Globalisasi yang terjadi di seluruh belahan dunia saat ini telah menghilangkan sekat-sekat geografis sehingga mengakibatkan dunia seolah menjadi sebuah wilayah tanpa batas. Kehidupan yang serba mengglobal ini pada gilirannya mempengaruhi segala aspek kegiatan dunia usaha dan berbagai profesi di dalamnya tidak terkecuali profesi public relations.



Di negara-negara maju, Public Relations atau hubungan masyarakat (humas) telah menjadi profesi yang sangat bergengsi dan terus berkembang (emerging profession) secara pesat. Namun di Indonesia, ilmu Public Relations (PR) atau Kehumasan bisa jadi merupakan sebuah ilmu yang relatif baru dikenal dibandingkan berbagai disiplin ilmu yang lain, yang ikut menjadi 'korban' globalisasi tersebut.


Pasalnya, public relations menjadi sebuah profesi yang cenderung multi-entry dicipliner di mana siapapun dapat memasuki profesi ini tanpa mengsyaratkan penguasaan keilmuan tertentu, yaitu ilmu komunikasi.
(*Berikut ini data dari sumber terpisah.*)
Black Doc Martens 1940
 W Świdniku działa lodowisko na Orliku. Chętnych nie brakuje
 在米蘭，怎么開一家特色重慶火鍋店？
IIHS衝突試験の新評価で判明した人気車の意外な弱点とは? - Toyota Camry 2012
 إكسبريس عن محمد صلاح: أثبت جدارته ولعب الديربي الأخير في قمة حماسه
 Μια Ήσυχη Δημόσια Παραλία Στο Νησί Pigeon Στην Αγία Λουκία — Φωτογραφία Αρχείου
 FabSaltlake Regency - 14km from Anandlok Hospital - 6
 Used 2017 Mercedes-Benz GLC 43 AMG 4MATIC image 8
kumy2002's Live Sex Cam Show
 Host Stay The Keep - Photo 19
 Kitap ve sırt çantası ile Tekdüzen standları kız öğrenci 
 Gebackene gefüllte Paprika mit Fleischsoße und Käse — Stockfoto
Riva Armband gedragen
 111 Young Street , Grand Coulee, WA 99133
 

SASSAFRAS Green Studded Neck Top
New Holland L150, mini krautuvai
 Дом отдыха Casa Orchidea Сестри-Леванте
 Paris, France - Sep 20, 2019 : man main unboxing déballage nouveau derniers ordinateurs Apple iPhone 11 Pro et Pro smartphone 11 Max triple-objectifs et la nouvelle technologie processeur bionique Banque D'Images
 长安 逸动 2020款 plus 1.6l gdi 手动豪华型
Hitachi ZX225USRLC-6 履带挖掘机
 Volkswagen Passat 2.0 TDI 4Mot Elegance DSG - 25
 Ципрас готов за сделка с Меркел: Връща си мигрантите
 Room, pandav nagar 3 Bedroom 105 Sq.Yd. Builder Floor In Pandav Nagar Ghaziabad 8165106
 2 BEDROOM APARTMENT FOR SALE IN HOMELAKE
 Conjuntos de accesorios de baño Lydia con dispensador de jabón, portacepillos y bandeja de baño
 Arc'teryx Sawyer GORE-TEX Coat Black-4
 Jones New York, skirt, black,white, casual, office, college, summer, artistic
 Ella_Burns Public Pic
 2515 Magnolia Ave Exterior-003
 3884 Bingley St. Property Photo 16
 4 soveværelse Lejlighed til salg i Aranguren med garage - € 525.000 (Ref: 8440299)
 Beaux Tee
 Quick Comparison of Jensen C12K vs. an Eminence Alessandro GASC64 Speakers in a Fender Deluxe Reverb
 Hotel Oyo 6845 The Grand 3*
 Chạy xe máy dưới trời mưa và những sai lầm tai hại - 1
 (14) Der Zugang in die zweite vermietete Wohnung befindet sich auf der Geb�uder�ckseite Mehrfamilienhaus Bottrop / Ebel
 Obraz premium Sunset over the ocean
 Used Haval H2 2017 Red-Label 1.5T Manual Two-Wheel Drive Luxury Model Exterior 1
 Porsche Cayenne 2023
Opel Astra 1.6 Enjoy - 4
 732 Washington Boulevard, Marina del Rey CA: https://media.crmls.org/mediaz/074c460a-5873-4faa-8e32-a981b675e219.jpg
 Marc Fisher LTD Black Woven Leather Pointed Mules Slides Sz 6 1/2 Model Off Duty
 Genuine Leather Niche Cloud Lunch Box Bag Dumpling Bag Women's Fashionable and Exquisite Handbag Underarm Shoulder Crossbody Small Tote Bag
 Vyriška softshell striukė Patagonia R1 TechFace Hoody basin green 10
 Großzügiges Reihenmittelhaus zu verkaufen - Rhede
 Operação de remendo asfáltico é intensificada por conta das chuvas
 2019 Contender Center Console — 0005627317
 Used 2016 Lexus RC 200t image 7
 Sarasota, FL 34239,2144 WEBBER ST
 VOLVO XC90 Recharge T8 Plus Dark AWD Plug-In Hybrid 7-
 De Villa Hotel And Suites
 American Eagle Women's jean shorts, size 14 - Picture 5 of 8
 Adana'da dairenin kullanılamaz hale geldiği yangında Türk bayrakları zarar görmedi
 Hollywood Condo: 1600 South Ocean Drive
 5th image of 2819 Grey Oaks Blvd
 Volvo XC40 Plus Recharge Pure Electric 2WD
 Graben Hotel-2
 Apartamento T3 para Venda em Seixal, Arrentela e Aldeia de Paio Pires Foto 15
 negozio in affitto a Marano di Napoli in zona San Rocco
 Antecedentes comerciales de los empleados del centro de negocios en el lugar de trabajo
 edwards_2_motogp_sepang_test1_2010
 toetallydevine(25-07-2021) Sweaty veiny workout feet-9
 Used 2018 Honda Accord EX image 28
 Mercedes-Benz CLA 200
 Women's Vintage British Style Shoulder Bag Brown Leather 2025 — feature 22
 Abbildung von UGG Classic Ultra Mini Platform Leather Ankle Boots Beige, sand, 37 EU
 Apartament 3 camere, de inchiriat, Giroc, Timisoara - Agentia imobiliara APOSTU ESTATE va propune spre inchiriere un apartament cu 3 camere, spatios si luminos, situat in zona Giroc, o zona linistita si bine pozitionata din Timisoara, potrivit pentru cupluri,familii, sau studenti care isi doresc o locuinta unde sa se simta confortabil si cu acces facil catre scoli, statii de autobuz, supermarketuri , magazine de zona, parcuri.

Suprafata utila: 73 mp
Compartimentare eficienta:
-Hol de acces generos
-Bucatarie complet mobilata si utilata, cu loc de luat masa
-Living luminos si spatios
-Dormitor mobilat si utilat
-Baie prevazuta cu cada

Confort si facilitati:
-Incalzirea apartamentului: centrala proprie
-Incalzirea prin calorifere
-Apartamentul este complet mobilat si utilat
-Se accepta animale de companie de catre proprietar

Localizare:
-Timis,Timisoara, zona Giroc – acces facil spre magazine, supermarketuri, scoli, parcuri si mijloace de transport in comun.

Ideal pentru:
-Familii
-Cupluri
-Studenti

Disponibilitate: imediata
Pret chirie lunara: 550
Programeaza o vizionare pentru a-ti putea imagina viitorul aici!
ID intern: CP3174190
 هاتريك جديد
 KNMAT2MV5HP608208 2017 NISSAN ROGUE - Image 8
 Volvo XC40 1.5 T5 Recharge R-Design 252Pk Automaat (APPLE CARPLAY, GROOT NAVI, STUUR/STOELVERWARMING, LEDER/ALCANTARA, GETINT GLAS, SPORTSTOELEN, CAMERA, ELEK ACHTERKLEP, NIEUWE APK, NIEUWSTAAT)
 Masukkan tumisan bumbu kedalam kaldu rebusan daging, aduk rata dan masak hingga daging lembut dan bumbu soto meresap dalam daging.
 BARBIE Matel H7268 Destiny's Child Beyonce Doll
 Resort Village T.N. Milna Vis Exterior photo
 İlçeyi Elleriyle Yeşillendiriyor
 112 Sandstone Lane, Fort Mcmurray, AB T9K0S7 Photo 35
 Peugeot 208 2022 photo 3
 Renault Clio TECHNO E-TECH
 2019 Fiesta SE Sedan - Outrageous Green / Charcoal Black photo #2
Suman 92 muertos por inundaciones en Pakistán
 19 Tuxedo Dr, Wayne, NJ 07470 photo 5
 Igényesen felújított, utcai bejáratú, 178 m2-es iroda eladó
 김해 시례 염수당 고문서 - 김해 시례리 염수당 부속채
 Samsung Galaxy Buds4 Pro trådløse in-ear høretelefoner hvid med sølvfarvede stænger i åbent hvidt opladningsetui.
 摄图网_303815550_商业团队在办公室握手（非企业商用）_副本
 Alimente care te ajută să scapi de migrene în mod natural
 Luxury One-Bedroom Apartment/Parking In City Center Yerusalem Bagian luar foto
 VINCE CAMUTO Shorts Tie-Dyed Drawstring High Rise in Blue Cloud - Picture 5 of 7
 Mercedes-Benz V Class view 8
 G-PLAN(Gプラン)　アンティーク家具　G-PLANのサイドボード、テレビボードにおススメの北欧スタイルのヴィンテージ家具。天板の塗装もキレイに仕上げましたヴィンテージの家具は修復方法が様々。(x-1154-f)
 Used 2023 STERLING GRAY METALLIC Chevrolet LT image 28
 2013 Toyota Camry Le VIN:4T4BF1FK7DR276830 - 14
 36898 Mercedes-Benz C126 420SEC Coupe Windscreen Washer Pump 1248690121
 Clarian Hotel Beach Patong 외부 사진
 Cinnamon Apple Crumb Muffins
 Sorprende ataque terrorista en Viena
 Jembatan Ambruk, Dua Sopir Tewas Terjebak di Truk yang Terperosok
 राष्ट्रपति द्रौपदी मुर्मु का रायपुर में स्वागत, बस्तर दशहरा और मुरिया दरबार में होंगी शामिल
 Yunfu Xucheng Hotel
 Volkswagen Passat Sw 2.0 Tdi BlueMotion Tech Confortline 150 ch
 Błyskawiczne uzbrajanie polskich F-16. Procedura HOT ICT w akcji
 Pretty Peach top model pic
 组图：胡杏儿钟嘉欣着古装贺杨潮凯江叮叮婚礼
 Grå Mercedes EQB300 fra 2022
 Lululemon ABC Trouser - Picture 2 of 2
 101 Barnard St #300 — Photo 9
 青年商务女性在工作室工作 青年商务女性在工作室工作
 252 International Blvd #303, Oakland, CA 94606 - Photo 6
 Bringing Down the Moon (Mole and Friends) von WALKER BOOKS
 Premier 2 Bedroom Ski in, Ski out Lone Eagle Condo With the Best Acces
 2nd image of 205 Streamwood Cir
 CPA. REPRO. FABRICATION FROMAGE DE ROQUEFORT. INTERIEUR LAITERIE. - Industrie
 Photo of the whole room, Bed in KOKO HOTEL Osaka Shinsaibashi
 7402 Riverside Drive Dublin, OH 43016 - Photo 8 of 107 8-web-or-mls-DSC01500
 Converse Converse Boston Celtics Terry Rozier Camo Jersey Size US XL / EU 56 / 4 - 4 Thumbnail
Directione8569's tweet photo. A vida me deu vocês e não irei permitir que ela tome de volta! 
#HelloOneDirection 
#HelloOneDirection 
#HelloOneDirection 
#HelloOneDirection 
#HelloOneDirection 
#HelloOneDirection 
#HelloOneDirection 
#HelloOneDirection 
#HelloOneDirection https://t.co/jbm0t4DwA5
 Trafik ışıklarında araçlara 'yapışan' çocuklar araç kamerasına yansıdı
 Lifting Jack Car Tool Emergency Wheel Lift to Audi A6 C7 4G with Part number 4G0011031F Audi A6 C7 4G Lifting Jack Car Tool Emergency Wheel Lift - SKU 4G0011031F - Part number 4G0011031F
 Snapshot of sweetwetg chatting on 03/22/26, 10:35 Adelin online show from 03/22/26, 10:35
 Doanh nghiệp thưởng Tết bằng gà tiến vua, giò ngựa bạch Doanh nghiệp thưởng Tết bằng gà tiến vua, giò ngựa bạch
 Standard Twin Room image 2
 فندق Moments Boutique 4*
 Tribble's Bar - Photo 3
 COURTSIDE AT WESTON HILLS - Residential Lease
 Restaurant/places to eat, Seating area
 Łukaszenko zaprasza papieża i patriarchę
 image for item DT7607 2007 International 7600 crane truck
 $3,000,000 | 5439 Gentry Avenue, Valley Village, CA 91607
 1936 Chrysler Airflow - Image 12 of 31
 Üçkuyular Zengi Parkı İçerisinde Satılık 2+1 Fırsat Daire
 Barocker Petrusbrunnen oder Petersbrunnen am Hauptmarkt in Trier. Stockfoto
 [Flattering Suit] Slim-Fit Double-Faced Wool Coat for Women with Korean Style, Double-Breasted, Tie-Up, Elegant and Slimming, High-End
Saat ini, keberadaan profesi PR di dunia usaha pun terus mengalami peningkatan. Artinya, dunia usaha sedikit demi sedikit telah menyadari peran strategis PR tidak saja dalam membangun citra organisasi dan reputasi, tapi juga berkontribusi dalam penyelenggaraan tata kelola organisasi yang baik (Good Corporate Governance). Namun di lain pihak, peran para praktisi PR dalam institusi/organisasi di Indonesia pada umumnya belum berada di posisi yang layak khususnya dalam proses pengambilan keputusan, termasuk keputusan yang berhubungan dengan peran strategis PR itu sendiri.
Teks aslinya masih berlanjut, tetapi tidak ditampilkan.